§ Material provided
* * * * * * * * *

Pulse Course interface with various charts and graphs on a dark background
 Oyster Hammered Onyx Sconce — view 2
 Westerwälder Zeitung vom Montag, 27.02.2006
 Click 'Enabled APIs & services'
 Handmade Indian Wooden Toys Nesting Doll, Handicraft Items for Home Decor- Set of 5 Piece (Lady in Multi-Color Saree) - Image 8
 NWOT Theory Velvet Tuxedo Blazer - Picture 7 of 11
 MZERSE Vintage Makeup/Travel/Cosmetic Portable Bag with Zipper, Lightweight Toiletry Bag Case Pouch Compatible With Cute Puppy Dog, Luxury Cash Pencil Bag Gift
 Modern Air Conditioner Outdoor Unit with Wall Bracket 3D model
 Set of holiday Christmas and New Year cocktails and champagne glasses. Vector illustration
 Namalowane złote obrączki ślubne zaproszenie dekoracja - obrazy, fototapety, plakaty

* * * * * * * * *

§ Exercise aim
In the entries above, find each line containing the string "with" and copy it.

§ Exercise solution
Pulse Course interface with various charts and graphs on a dark background
 MZERSE Vintage Makeup/Travel/Cosmetic Portable Bag with Zipper, Lightweight Toiletry Bag Case Pouch Compatible With Cute Puppy Dog, Luxury Cash Pencil Bag Gift
 Modern Air Conditioner Outdoor Unit with Wall Bracket 3D model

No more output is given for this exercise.